REQUIRED ACTION:
Going from the top of the listing below to the line that holds "12 Pcs Round", reproduce each line exactly; no pictures.

EXCERPTED DATA:

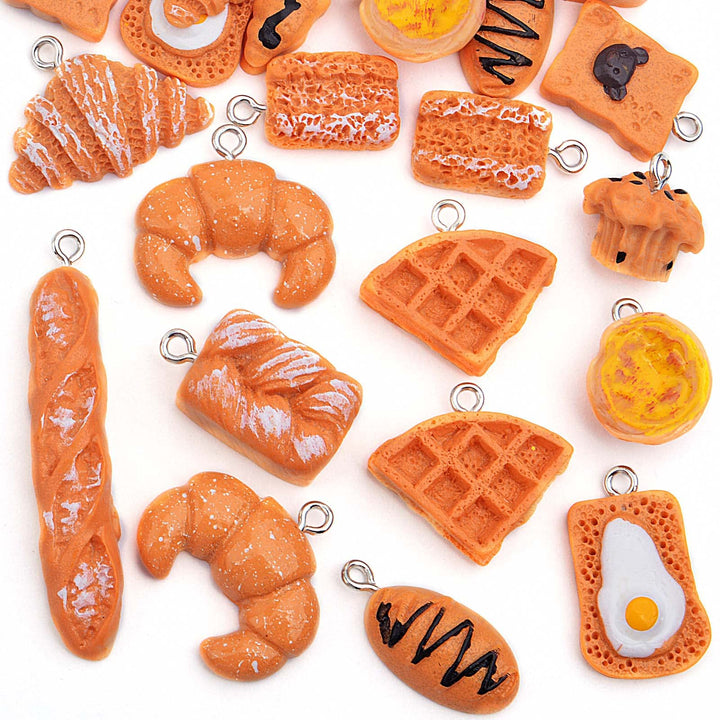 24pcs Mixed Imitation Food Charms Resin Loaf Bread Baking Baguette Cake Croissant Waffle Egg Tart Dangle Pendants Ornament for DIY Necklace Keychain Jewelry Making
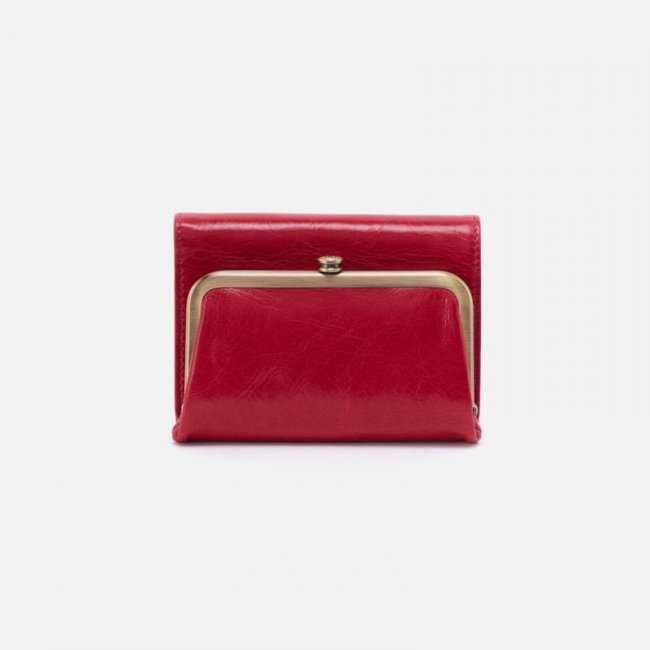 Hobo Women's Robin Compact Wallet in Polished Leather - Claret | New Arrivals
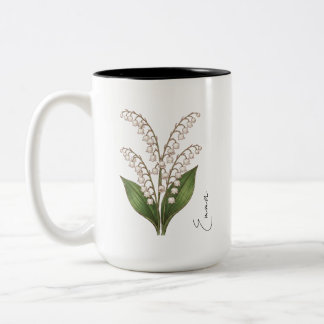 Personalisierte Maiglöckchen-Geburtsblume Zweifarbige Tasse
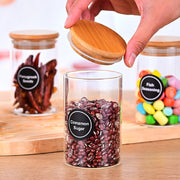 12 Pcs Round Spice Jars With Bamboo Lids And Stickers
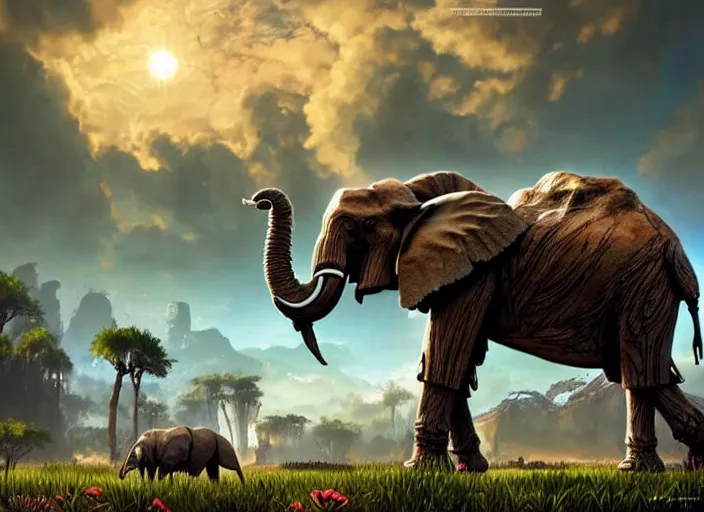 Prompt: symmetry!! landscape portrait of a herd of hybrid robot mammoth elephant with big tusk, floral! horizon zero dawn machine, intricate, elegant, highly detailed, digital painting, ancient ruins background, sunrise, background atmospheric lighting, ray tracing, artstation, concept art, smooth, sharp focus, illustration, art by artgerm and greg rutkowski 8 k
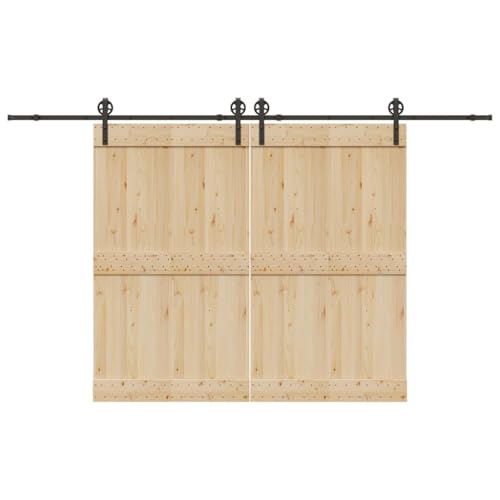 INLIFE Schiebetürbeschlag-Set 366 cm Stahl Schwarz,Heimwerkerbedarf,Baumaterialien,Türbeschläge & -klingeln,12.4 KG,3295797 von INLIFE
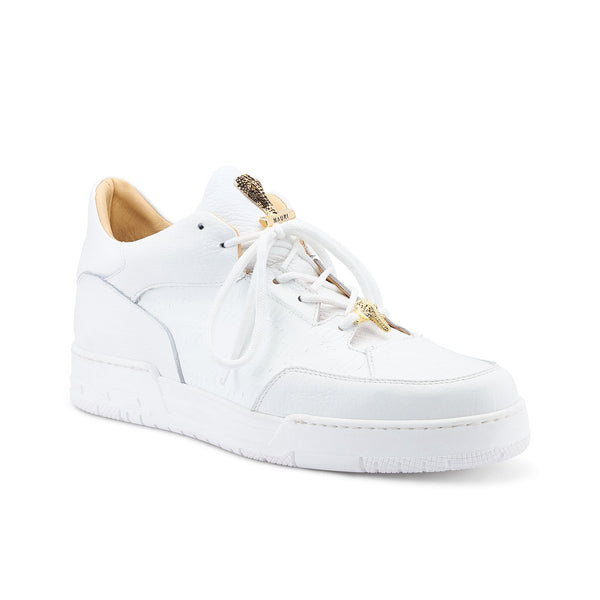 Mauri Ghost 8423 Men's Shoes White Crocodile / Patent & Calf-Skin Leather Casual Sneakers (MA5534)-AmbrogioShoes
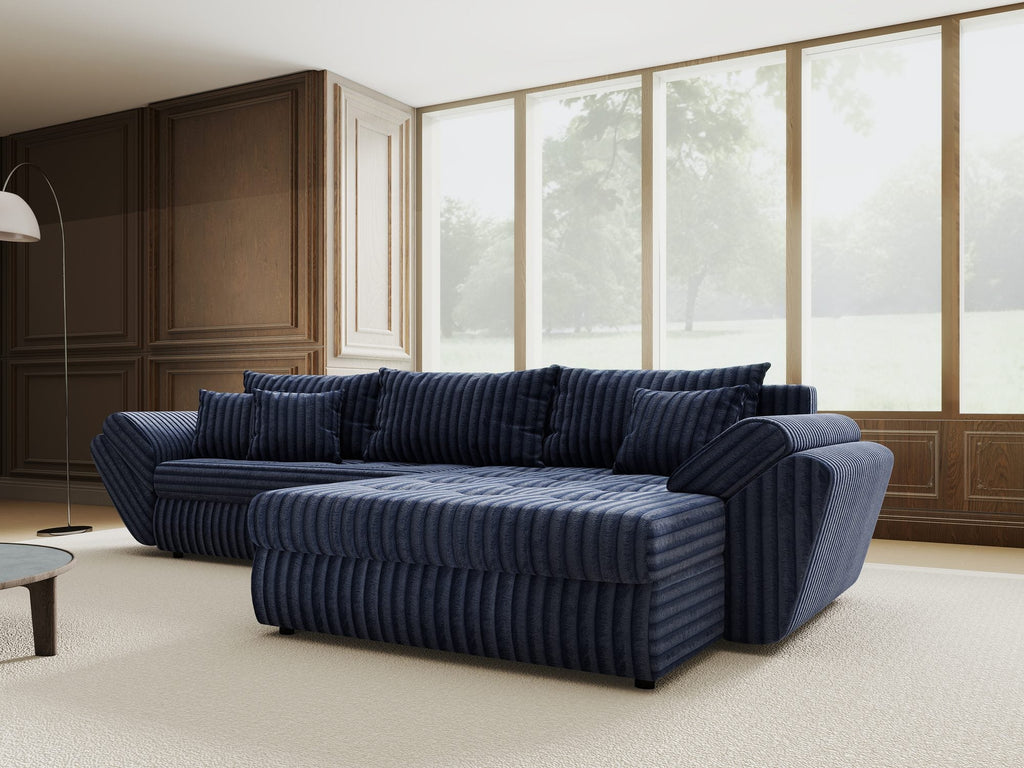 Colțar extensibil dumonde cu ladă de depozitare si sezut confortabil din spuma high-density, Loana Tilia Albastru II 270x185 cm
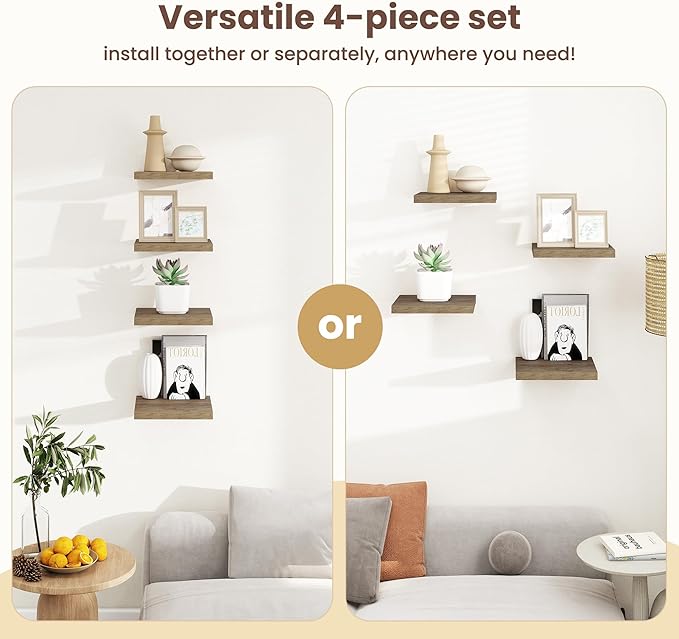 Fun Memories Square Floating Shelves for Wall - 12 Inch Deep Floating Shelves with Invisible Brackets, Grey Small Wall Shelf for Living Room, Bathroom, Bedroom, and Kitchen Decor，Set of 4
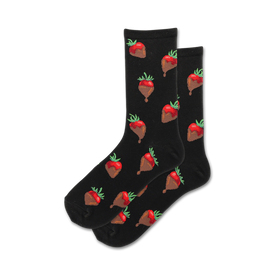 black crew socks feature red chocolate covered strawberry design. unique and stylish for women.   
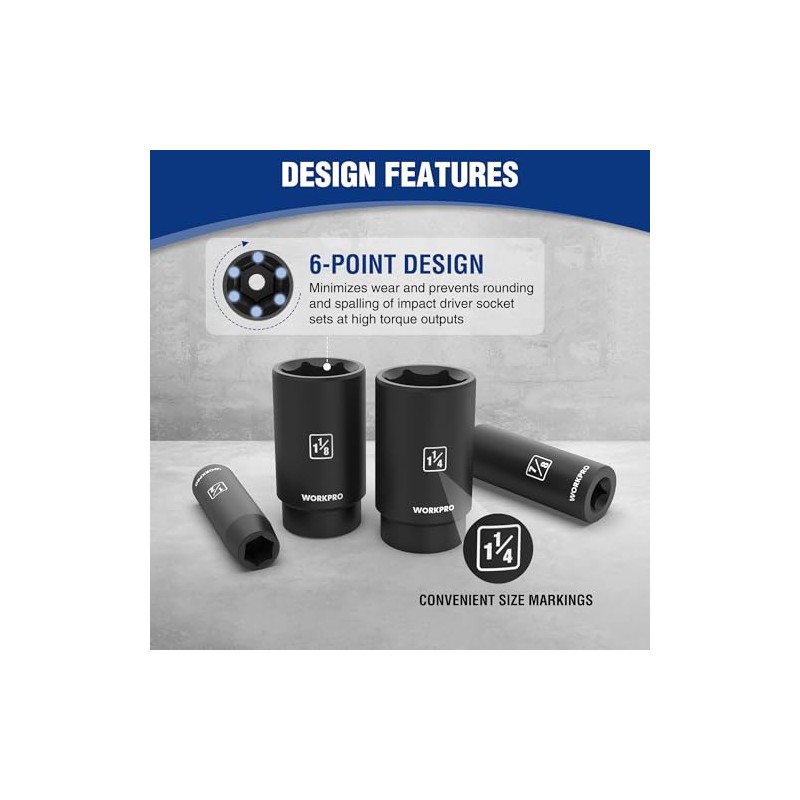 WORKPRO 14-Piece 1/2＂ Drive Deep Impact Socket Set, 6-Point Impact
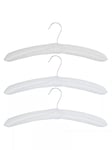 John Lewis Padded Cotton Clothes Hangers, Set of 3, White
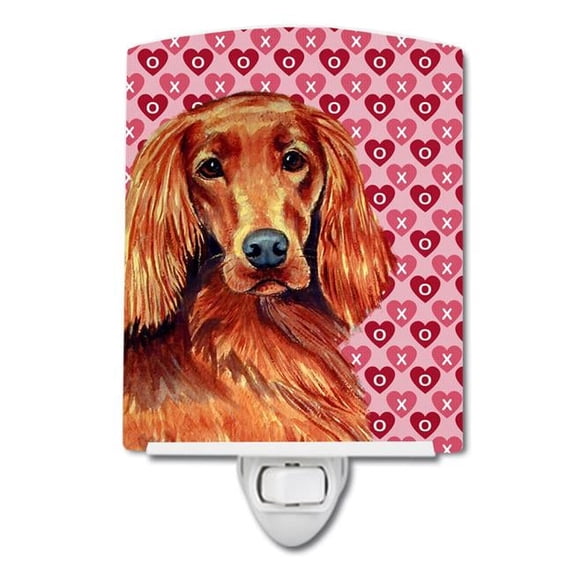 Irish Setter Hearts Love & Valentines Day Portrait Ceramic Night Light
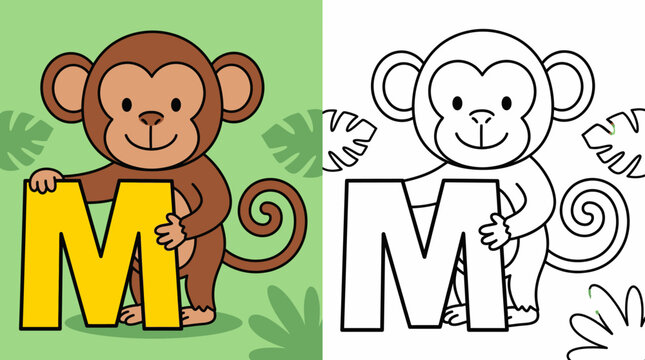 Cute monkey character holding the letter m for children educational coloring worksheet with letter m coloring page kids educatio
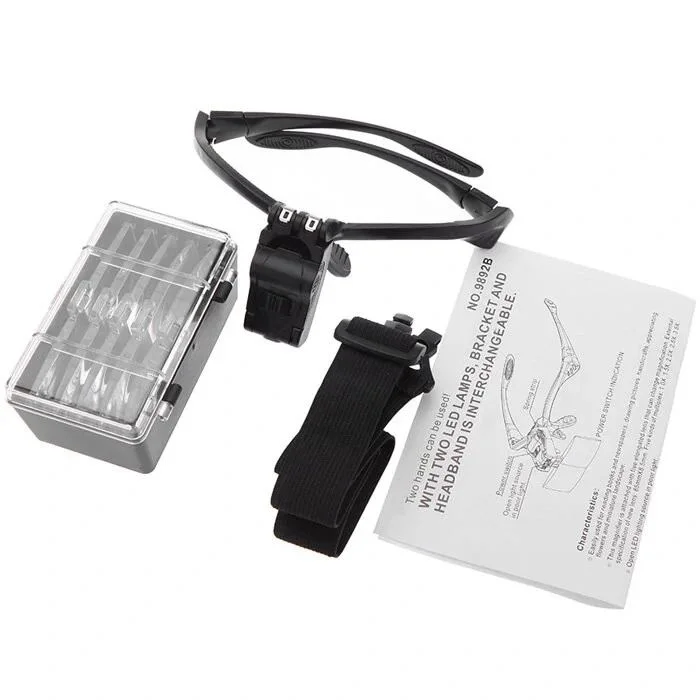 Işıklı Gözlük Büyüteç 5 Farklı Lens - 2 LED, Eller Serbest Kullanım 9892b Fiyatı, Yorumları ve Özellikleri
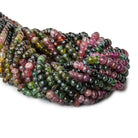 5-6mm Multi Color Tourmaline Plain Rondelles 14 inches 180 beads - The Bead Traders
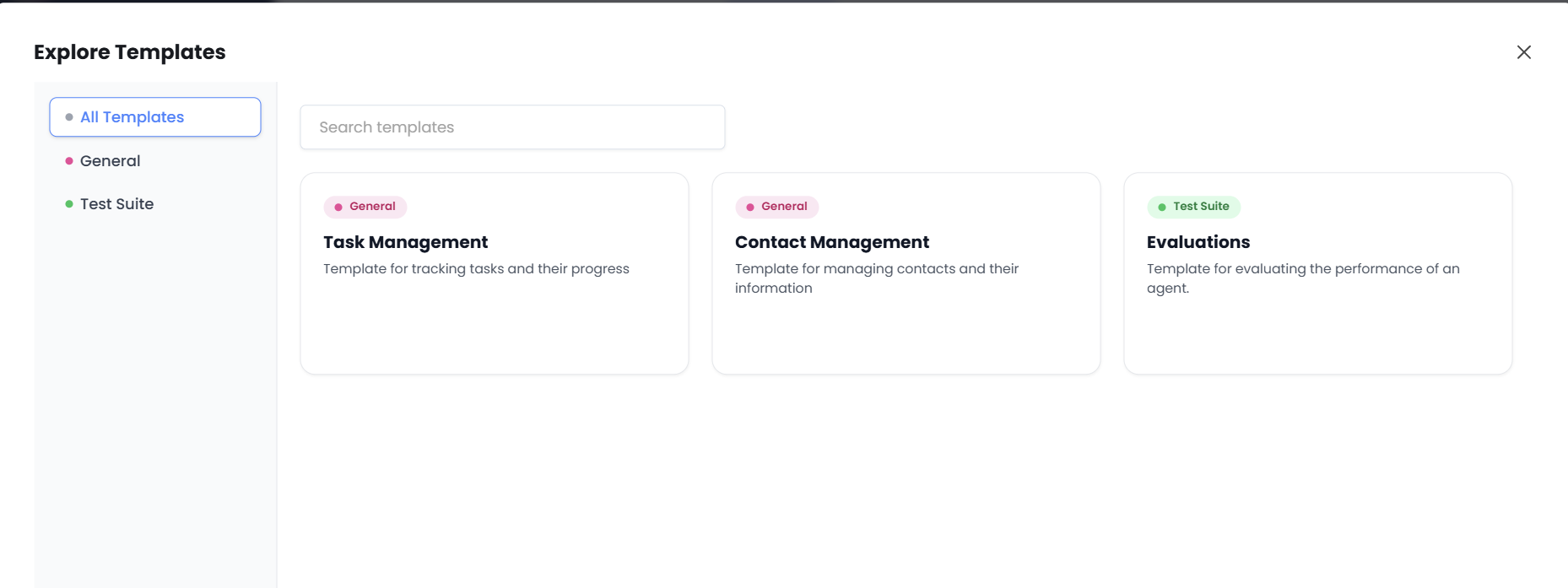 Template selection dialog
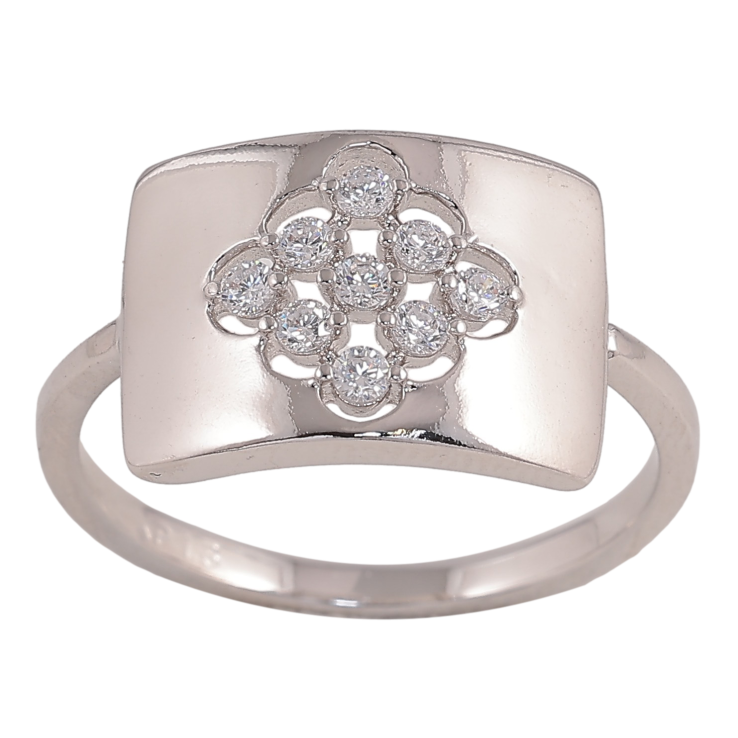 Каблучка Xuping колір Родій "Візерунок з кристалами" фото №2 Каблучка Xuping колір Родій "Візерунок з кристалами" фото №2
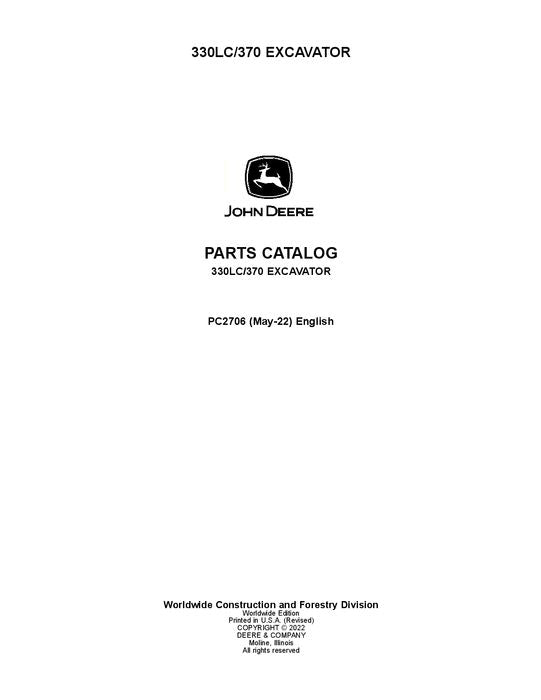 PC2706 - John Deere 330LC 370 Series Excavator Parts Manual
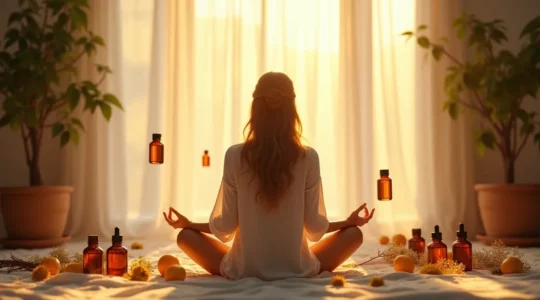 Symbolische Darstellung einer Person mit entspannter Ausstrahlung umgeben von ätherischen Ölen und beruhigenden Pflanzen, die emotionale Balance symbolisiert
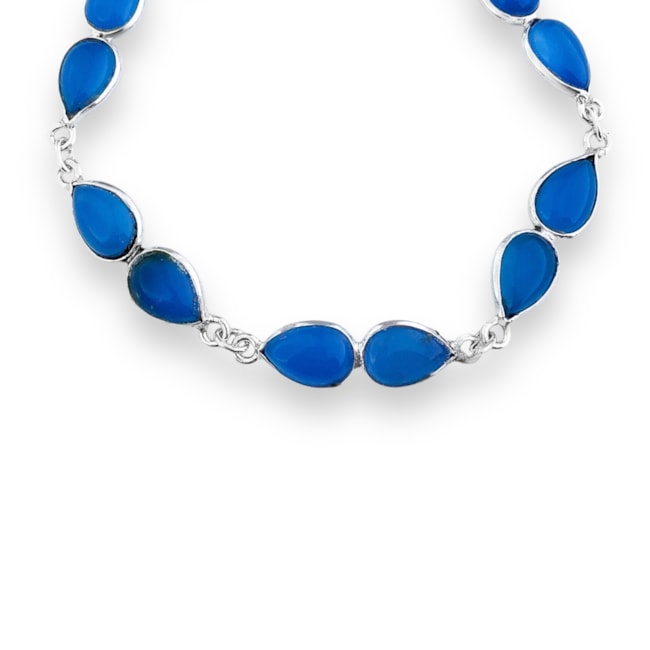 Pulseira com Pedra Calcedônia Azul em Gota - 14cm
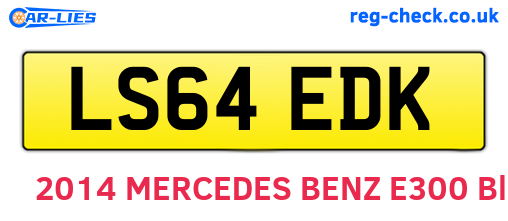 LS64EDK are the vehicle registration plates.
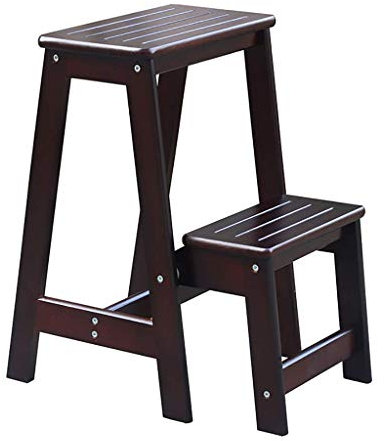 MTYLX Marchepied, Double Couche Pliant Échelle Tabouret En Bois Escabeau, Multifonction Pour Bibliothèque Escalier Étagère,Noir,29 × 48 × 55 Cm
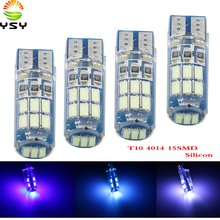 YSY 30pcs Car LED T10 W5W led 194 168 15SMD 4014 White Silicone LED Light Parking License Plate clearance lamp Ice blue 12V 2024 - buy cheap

ANSWER FOR THIS EXERCISE:
 24pcs Mixed Imitation Food Charms Resin Loaf Bread Baking Baguette Cake Croissant Waffle Egg Tart Dangle Pendants Ornament for DIY Necklace Keychain Jewelry Making
 Hobo Women's Robin Compact Wallet in Polished Leather - Claret | New Arrivals
 Personalisierte Maiglöckchen-Geburtsblume Zweifarbige Tasse
 12 Pcs Round Spice Jars With Bamboo Lids And Stickers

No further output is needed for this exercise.